Work order:
In your copy, set down the entries exactly and exclude the pictures.

Brief descriptive captions:

++++++++++

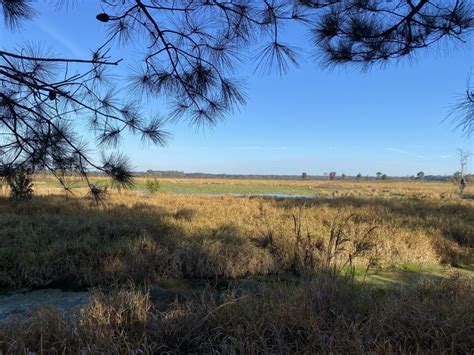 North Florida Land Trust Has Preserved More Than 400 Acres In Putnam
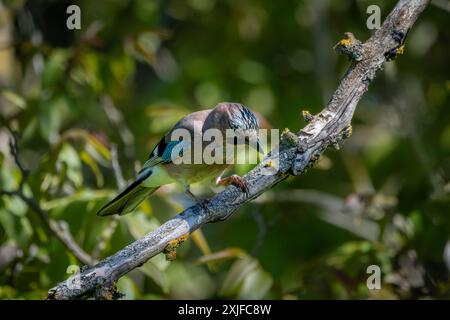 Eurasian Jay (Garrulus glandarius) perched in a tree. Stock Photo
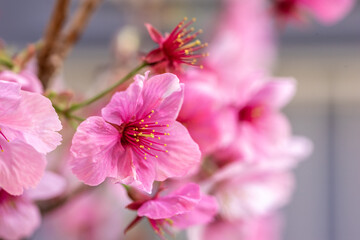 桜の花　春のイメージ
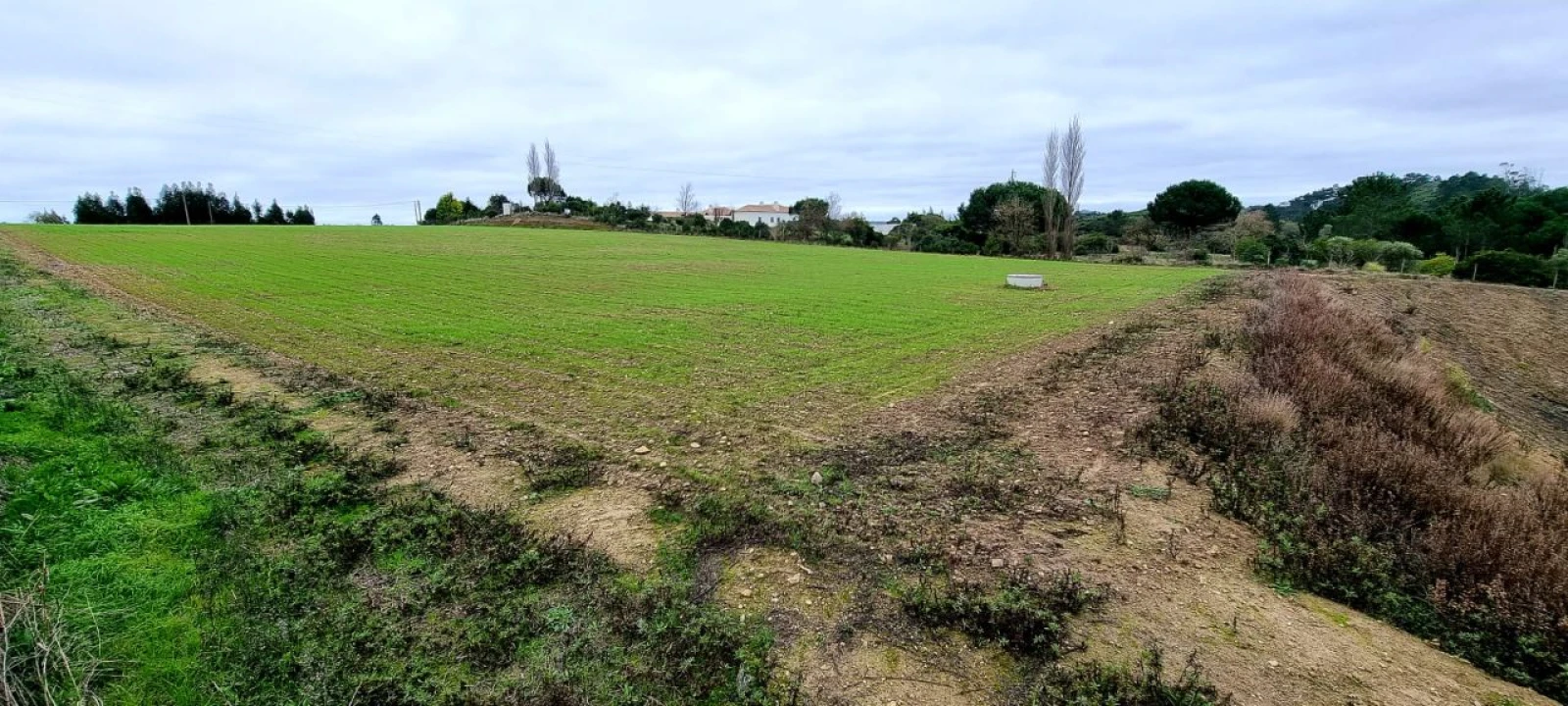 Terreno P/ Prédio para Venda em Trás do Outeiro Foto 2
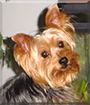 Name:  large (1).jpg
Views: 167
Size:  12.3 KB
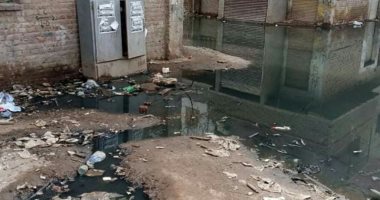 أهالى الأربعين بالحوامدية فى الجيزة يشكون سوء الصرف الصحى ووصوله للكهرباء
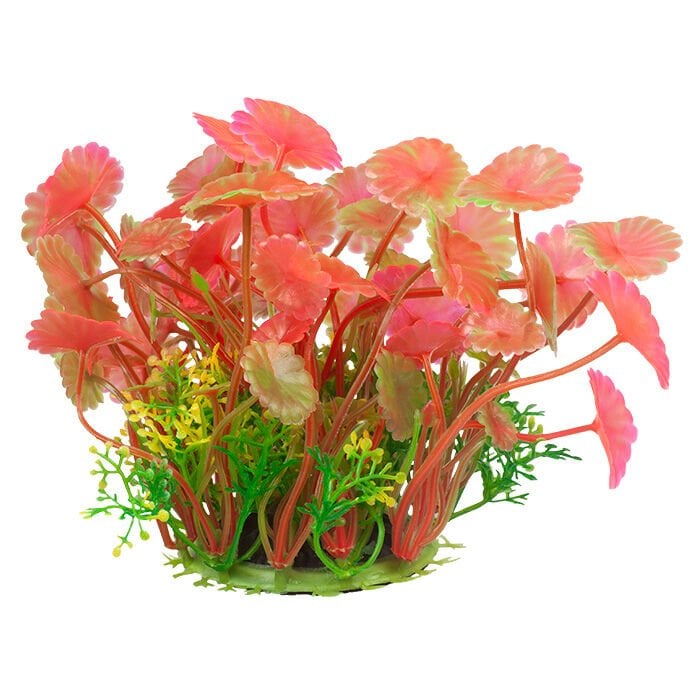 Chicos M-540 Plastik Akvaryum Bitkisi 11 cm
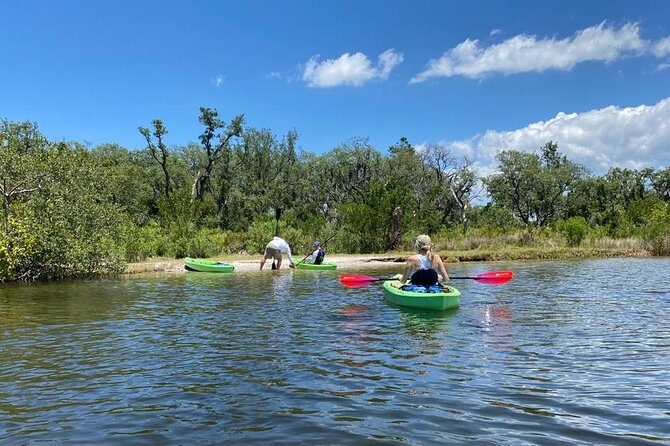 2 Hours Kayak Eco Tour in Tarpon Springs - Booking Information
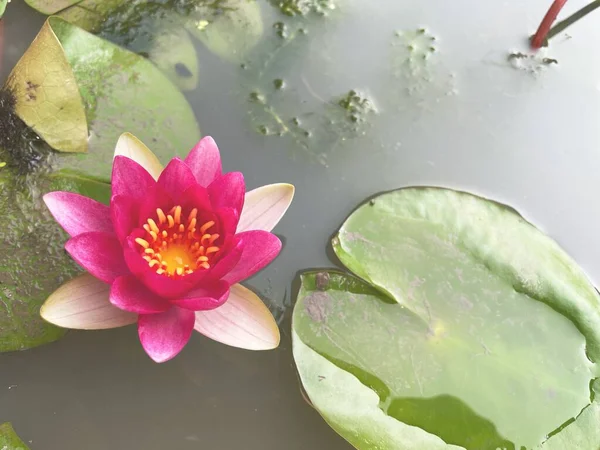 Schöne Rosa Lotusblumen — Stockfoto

++++++++++

Completed exercise:
 North Florida Land Trust Has Preserved More Than 400 Acres In Putnam
 Eurasian Jay (Garrulus glandarius) perched in a tree. Stock Photo
 桜の花　春のイメージ
 Terreno P/ Prédio para Venda em Trás do Outeiro Foto 2
 Name:  large (1).jpg
Views: 167
Size:  12.3 KB
 أهالى الأربعين بالحوامدية فى الجيزة يشكون سوء الصرف الصحى ووصوله للكهرباء
 Chicos M-540 Plastik Akvaryum Bitkisi 11 cm
 2 Hours Kayak Eco Tour in Tarpon Springs - Booking Information
 Schöne Rosa Lotusblumen — Stockfoto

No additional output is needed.